DATA IN THIS EXERCISE START

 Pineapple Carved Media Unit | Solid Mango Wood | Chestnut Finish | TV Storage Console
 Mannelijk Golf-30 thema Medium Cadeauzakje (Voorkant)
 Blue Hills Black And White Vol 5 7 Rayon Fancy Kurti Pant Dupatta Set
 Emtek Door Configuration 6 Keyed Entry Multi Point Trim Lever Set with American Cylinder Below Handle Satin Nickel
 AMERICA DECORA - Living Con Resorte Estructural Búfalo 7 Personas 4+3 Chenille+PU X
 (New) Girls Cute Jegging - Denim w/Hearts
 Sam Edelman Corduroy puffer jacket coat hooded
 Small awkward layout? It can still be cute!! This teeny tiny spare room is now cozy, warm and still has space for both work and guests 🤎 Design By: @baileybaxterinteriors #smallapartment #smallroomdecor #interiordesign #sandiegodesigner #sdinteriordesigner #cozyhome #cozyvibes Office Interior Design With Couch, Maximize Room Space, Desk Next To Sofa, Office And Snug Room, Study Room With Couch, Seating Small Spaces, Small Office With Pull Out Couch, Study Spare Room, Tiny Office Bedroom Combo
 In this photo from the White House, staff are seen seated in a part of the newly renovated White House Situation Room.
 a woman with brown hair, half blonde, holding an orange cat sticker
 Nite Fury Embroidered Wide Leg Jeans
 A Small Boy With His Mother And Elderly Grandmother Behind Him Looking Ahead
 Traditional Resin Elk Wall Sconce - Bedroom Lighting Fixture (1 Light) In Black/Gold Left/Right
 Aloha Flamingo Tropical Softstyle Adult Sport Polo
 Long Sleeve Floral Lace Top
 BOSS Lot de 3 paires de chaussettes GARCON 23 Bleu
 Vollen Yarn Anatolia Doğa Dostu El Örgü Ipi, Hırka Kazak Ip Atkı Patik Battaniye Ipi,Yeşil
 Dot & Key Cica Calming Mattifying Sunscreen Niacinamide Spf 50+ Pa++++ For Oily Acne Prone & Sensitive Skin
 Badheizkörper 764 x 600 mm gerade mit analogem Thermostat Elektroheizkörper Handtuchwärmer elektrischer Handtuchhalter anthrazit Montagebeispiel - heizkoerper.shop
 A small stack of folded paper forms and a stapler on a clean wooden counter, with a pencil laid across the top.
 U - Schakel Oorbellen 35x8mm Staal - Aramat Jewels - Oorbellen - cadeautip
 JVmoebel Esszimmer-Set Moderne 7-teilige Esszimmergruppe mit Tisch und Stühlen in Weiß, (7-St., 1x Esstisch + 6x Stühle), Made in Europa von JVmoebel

DATA IN THIS EXERCISE END

● **BRIEF**
Transcribe the data exactly.

● **REPLY TO THE TASK**
 Pineapple Carved Media Unit | Solid Mango Wood | Chestnut Finish | TV Storage Console
 Mannelijk Golf-30 thema Medium Cadeauzakje (Voorkant)
 Blue Hills Black And White Vol 5 7 Rayon Fancy Kurti Pant Dupatta Set
 Emtek Door Configuration 6 Keyed Entry Multi Point Trim Lever Set with American Cylinder Below Handle Satin Nickel
 AMERICA DECORA - Living Con Resorte Estructural Búfalo 7 Personas 4+3 Chenille+PU X
 (New) Girls Cute Jegging - Denim w/Hearts
 Sam Edelman Corduroy puffer jacket coat hooded
 Small awkward layout? It can still be cute!! This teeny tiny spare room is now cozy, warm and still has space for both work and guests 🤎 Design By: @baileybaxterinteriors #smallapartment #smallroomdecor #interiordesign #sandiegodesigner #sdinteriordesigner #cozyhome #cozyvibes Office Interior Design With Couch, Maximize Room Space, Desk Next To Sofa, Office And Snug Room, Study Room With Couch, Seating Small Spaces, Small Office With Pull Out Couch, Study Spare Room, Tiny Office Bedroom Combo
 In this photo from the White House, staff are seen seated in a part of the newly renovated White House Situation Room.
 a woman with brown hair, half blonde, holding an orange cat sticker
 Nite Fury Embroidered Wide Leg Jeans
 A Small Boy With His Mother And Elderly Grandmother Behind Him Looking Ahead
 Traditional Resin Elk Wall Sconce - Bedroom Lighting Fixture (1 Light) In Black/Gold Left/Right
 Aloha Flamingo Tropical Softstyle Adult Sport Polo
 Long Sleeve Floral Lace Top
 BOSS Lot de 3 paires de chaussettes GARCON 23 Bleu
 Vollen Yarn Anatolia Doğa Dostu El Örgü Ipi, Hırka Kazak Ip Atkı Patik Battaniye Ipi,Yeşil
 Dot & Key Cica Calming Mattifying Sunscreen Niacinamide Spf 50+ Pa++++ For Oily Acne Prone & Sensitive Skin
 Badheizkörper 764 x 600 mm gerade mit analogem Thermostat Elektroheizkörper Handtuchwärmer elektrischer Handtuchhalter anthrazit Montagebeispiel - heizkoerper.shop
 A small stack of folded paper forms and a stapler on a clean wooden counter, with a pencil laid across the top.
 U - Schakel Oorbellen 35x8mm Staal - Aramat Jewels - Oorbellen - cadeautip
 JVmoebel Esszimmer-Set Moderne 7-teilige Esszimmergruppe mit Tisch und Stühlen in Weiß, (7-St., 1x Esstisch + 6x Stühle), Made in Europa von JVmoebel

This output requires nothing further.